▸ Your task
Extract the lines from the first one in the records below through the line containing "play invader tee", keeping both ends and leaving out any pictures.

__________________________________________________

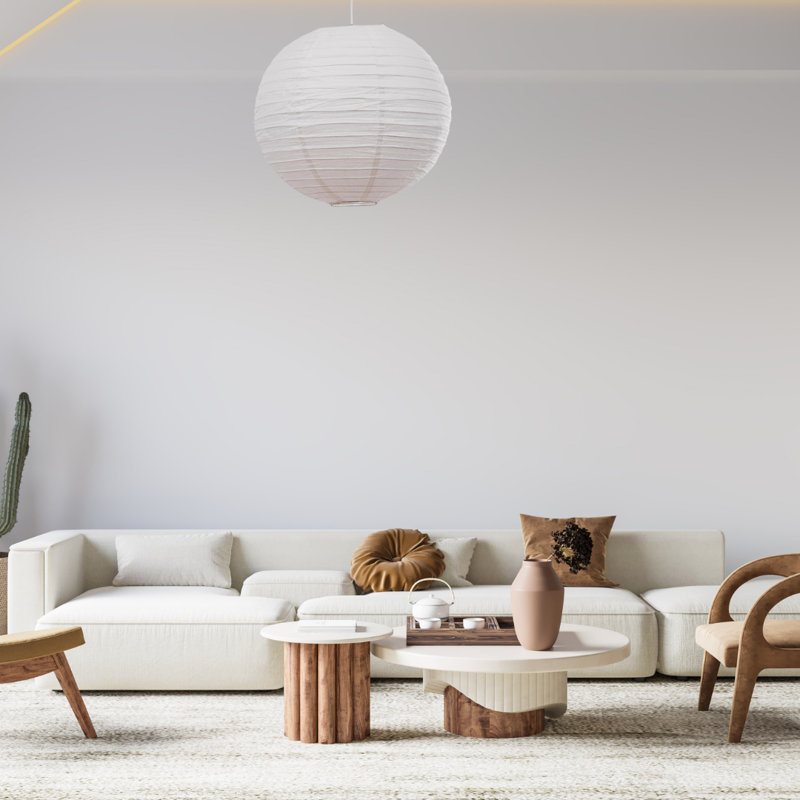 40cm Paper Sphere Pendant Shade, White, 40cm H x 40cm W x 40cm D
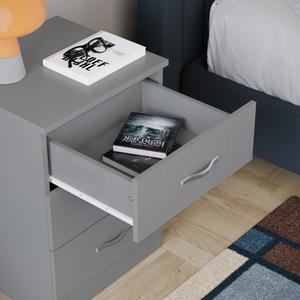 Riano 3-Drawer Bedside Chest, Grey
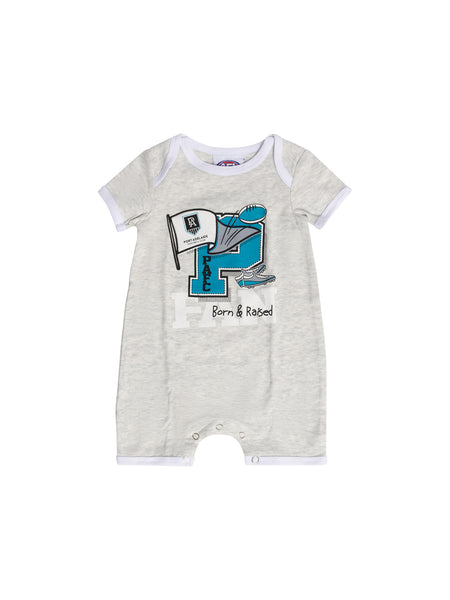 Port Adelaide Power Baby Infants Footy Fan Romper Bib Booties Gift Set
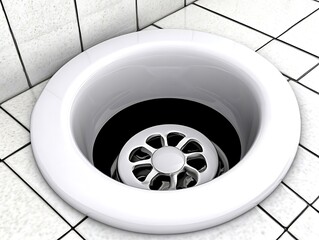 White sink drain with chrome strainer on tile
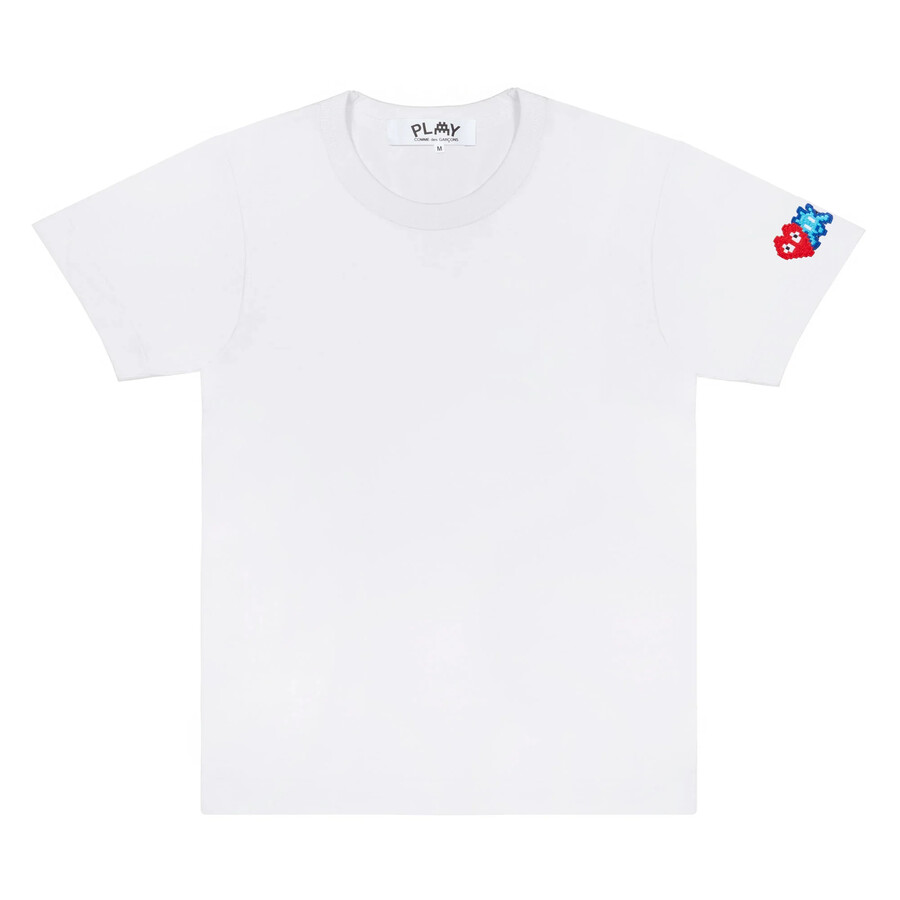 play invader tee red 038 blue sleeve emblem white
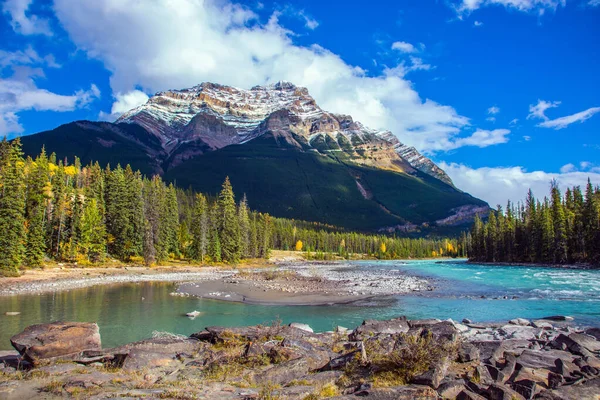 Jasper Park Kanada Hory Řeky Vodopády Tvoří Nádherné Krajiny Řeka — Stock fotografie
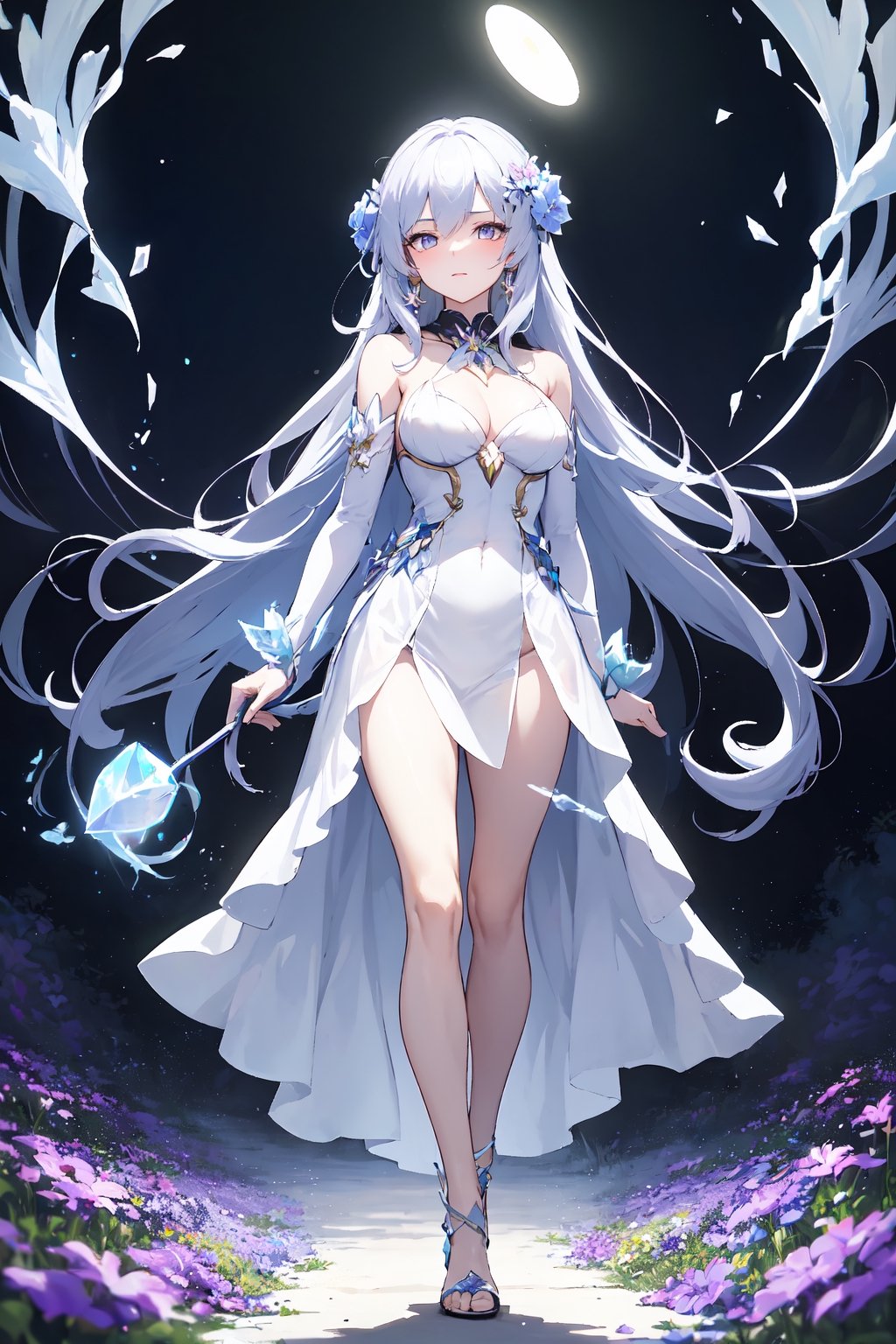 Beautiful and magical elemental spirit girl with long flowing hair, ethereal spiritual dress, walking through a field of crystal flowers as dark rainbow moonlight makes the flower glow with a luminous light
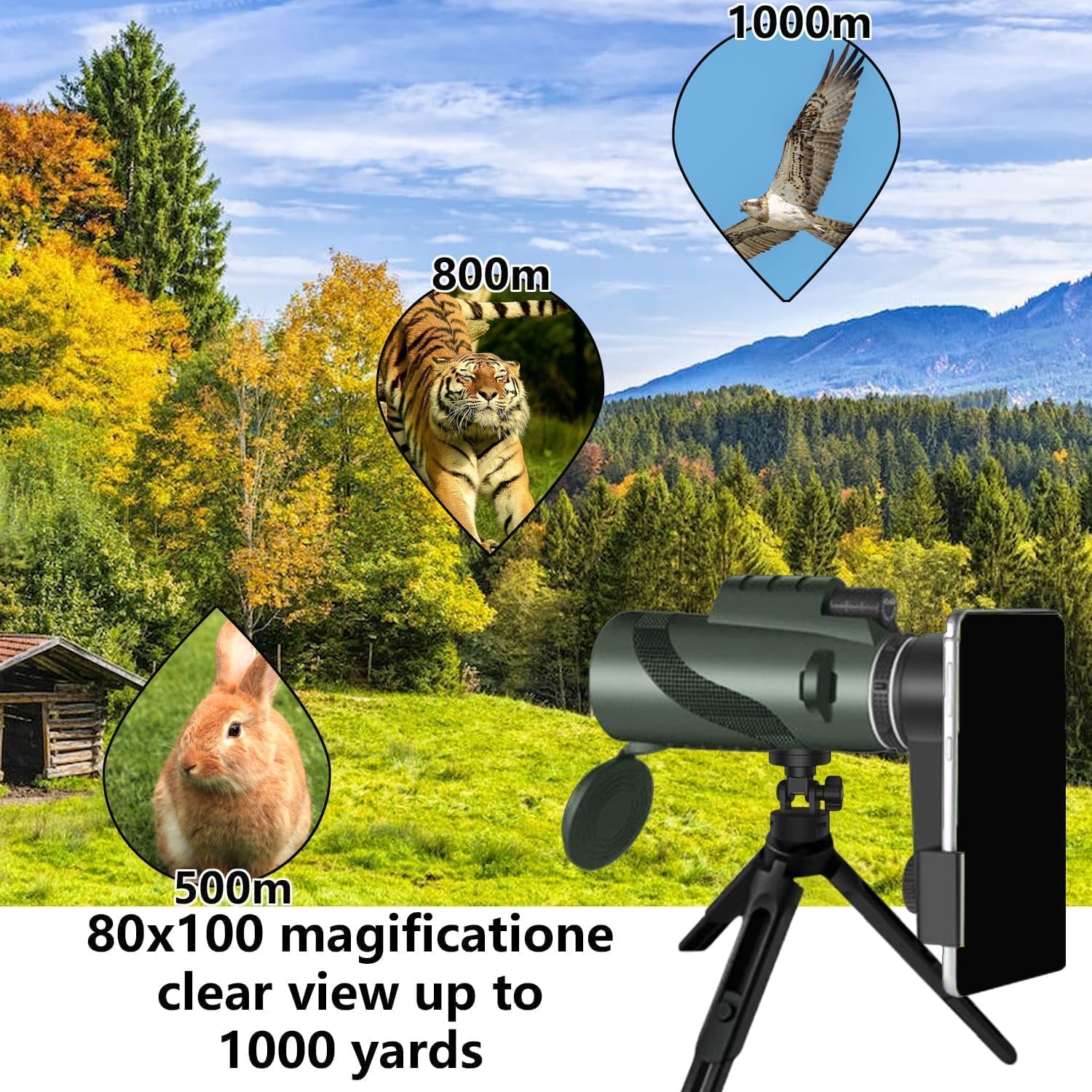 80x100 HD Monocular Telescope with Tripod & Phone Adapter encalife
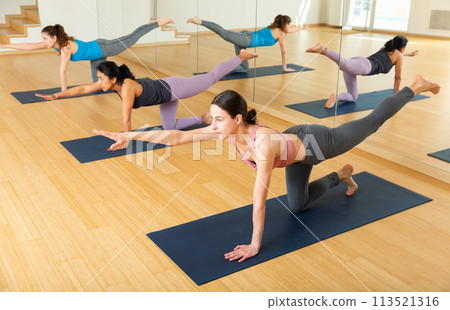 Young woman practicing balancing yoga posture Dandayamna Bharmanasana Young woman practicing balancing yoga posture Dandayamna Bharmanasana 113521316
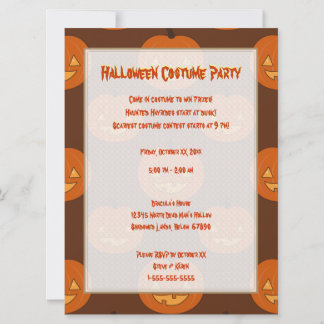 Orange Jack O'Lantern Pumpkin Halloween Invitation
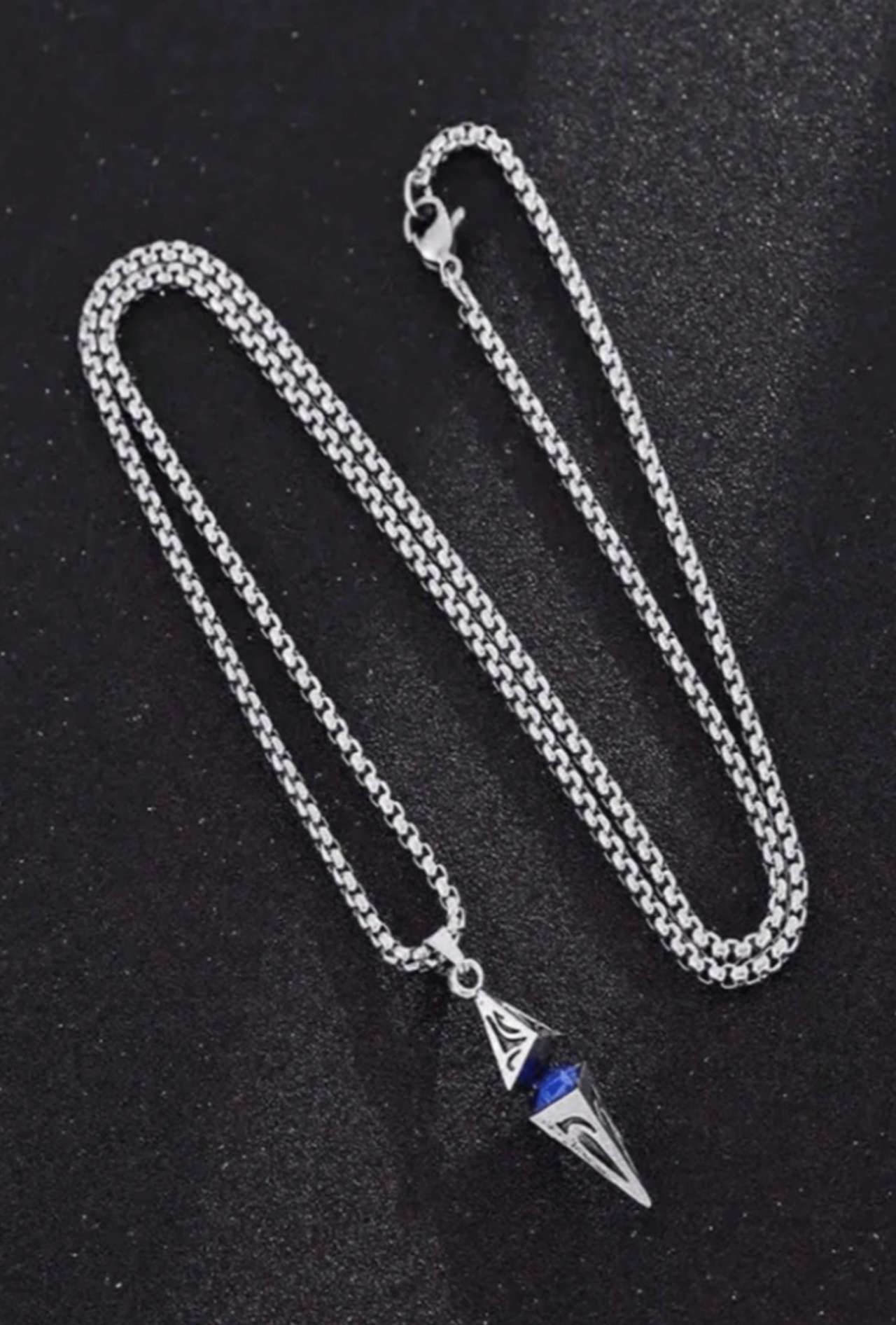 1pc/Fashion Unisex Blue Stone Pendant Necklace With Stainless Steel Chain, Geometric Design, Perfect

__________________________________________________

▸ Final answer
 40cm Paper Sphere Pendant Shade, White, 40cm H x 40cm W x 40cm D
 Riano 3-Drawer Bedside Chest, Grey
 Port Adelaide Power Baby Infants Footy Fan Romper Bib Booties Gift Set
 White sink drain with chrome strainer on tile
 play invader tee red 038 blue sleeve emblem white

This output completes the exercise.